Revue de poésie contemporaine

Au nom…

A

 

AU NOM CHALAND

Vol­taire, mal­gré son nom, parle beau­coup et est très hon­nête. Très can­dide et ingé­nu, il se plaît à dire le monde comme il va.

René Bar­ja­vel, mal­gré son nom, n’est pas un pois­son ni une solu­tion liquide oxy­dante. Voya­geur impru­dent, le diable l’emporte sur les che­mins de Katmandou.

Jean Coc­teau, mal­gré son nom, n’est pas un gal­li­na­cé et aime se lever tard. Enfant ter­rible, il fait le grand écart entre le livre blanc et Tho­mas l’im­pos­teur. Ce qui lui vaut un sacré Potomak.

 

AU NON DE DIEU

André Bre­ton, mal­gré son nom, est né à Tin­che­bray dans l’Orne en Nor­man­die. Il cultive l’a­mour fou et ses champs magné­tiques avec Nad­ja et prend, de temps en temps, la clé des champs.

René Char, mal­gré son nom, n’est pas un véhi­cule blin­dé à che­nilles. Avec fureur et mys­tère et armé d’un mar­teau sans maître, il fait l’é­loge d’une soup­çon­née pour une parole en archipel.

Achille Cha­vée, mal­gré son nom, n’est ni une cale ni un mam­mi­fère car­ni­vore félin de taille moyenne au museau court et arron­di. Il est élé­phant blanc qui boit à pierre fendre les décoc­tions de neige rouge pour cause déterminée.

AU NOM DE LA PANTHÈRE ROSE

Pierre Cor­neille, mal­gré son nom, n’est pas un oiseau pas­se­reau de cou­leur noire voi­sin du cor­beau et il ne bâille pas la tête en l’air. Et pour la veuve Cli­tandre, pour Horace ou pour Œdipe, c’est l’in­no­cence per­sé­cu­tée… Que dis-je… C’est la mort de Pompée.

René Des­cartes, mal­gré son nom, n’est pas de cré­dit ni d’i­den­ti­té. Et recher­cher la véri­té par les lumières natu­relles conduit inexo­ra­ble­ment la pas­sion de l’âme aux météores. Qui dit géo­mé­trie dit méthode. Qui dit méthode dit dis­cours. Et qui dit dis­cours règle la direc­tion de l’esprit.
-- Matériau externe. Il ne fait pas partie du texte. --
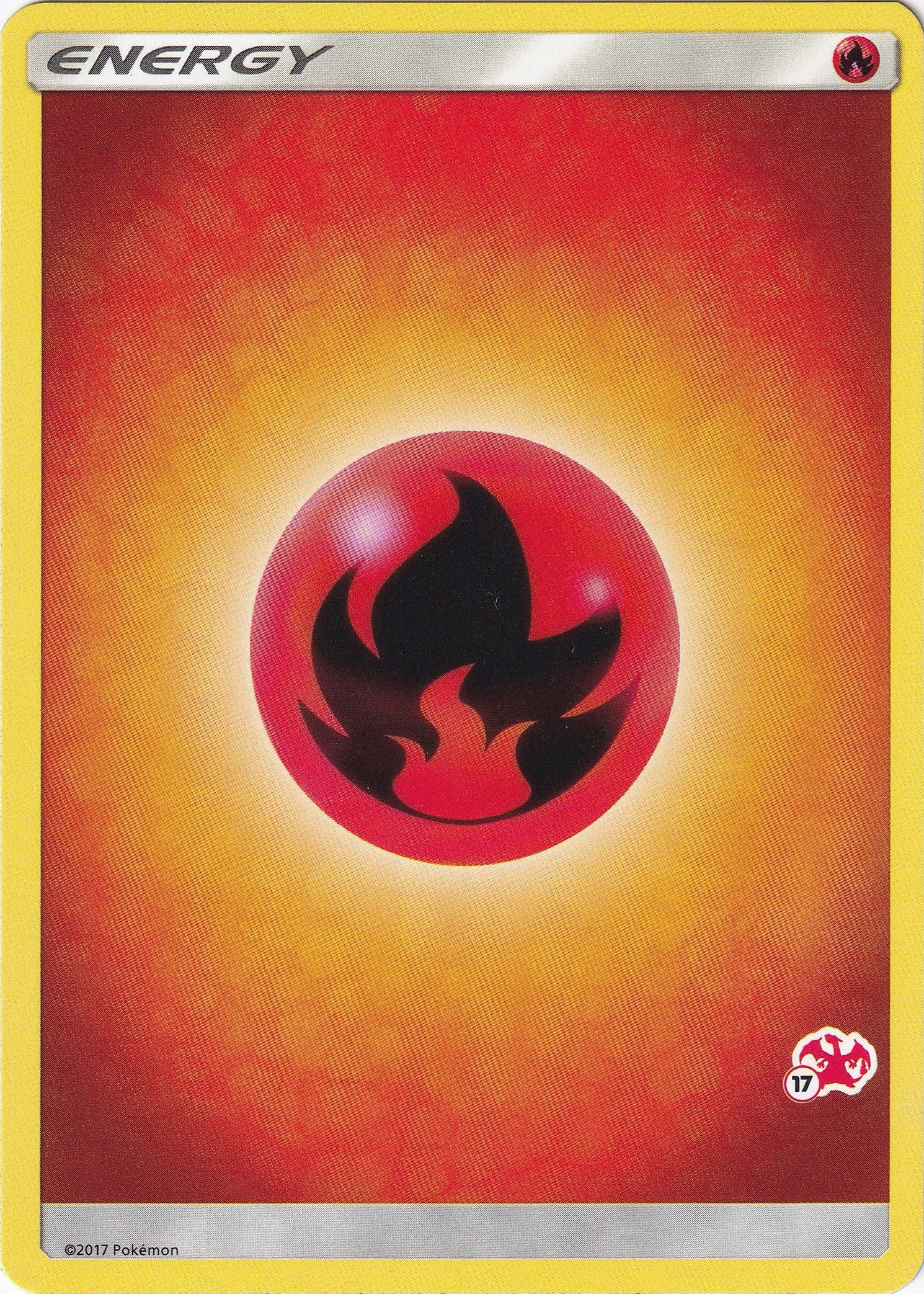 Fire Energy (#17 Charizard Stamped)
Jean Racine, mal­gré son nom, n’est pas une par­tie sou­ter­raine d’un végé­tal qui lui per­met de pui­ser dans le sol les élé­ments néces­saires à sa nutri­tion. Et Alexandre le Grand aime Béré­nice qui aime Mithri­date qui aime Iphi­gé­nie qui aime Bri­tan­ni­cus qui aime Esther. Qui aime me suive.

AU NOM DU FIST

Georges Sime­non, mal­gré son nom, quand il dit oui… Et bien, cela veut dire oui. Il a le coup de lune facile et regarde pas­ser les trains avec la dan­seuse du Gai-Mou­lin mais les gens d’en face, ceux de la mai­son du Canal, lisent les rap­ports du gen­darme et sont au cou­rant pour le pen­du de St-Pholien.
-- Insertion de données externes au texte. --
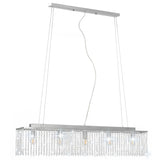 Vidaxl taklampa med kristallpärlor 104 cm silverfärgade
Mau­rice Carême, mal­gré son nom, n’est pas une période de jeûne de qua­rante jours ins­ti­tué par le chris­tia­nisme ni un grand véhi­cule auto­mo­bile uti­li­sé pour le trans­port en com­mun de voya­geurs et, en plus, il déteste tout. L’eau passe et le pigeon vole entre deux mondes et la bien-aimée, femme, flûte au ver­ger dans un hôtel bour­geois est ou n’est pas.

Jacques Izoard, mal­gré son nom, n’est pas un col situé dans les Hautes-Alpes à une alti­tude de 2 361 mètres ni une étape inter­mé­diaire du Tour de France. Vêtu, dévê­tu, libre, il a dor­mi sept ans le vin rouge au poing, et le corps cares­sé, il s’en est allé dans une rue obscure.

AU NOM DE L’ALOI

Amin Maa­louf, mal­gré son nom, n’est pas le contraire du bien et le ver­lan ne l’a pas ren­du fou. Son ami Léon l’A­fri­cain s’est per­du dans les jar­dins de lumière et com­plè­te­ment déso­rien­té après le périple de Bal­das­sare, il s’est endor­mi au pied du rocher de Tanios.

Éliette Abé­cas­sis, mal­gré son nom, n’est pas fille de moine supé­rieur et ne rentre pas dans la com­po­si­tion du kir. Tu es répu­diée Sépha­rade… Te voi­ci per­mise à tout homme. Mon père, celui de la der­nière tri­bu, a lu le livre des pas­seurs et le palimp­seste d’Ar­chi­mède, il est le messager.

Marek Hal­ter, mal­gré son nom, n’est pas une masse pesante dont on se sert pour déve­lop­per sa force mus­cu­laire. Je me suis réveillé en colère. Un homme. Un cri. Le Fou et les rois attendent le Mes­sie. J’at­tends Bethsabée.

AU NOM ÉLUCIDÉ

Guillaume Apol­li­naire, mal­gré son nom, n’est ni vul­gaire ni rêche ni de la guerre. Le guet­teur mélan­co­lique a 11 000 verges et Lou tombe dans les alcools. Je ne suis plus que l’ombre de mon amour pour Mire­ly, le petit trou pas cher.

Sté­phane Mal­lar­mé, mal­gré son nom, est bien gréé. Héro­diade et les dieux antiques ont le don du poème et la brise marine par l’a­près-midi d’un faune, c’est comme un coup de dés qui n’a­bo­li­ra jamais le hasard.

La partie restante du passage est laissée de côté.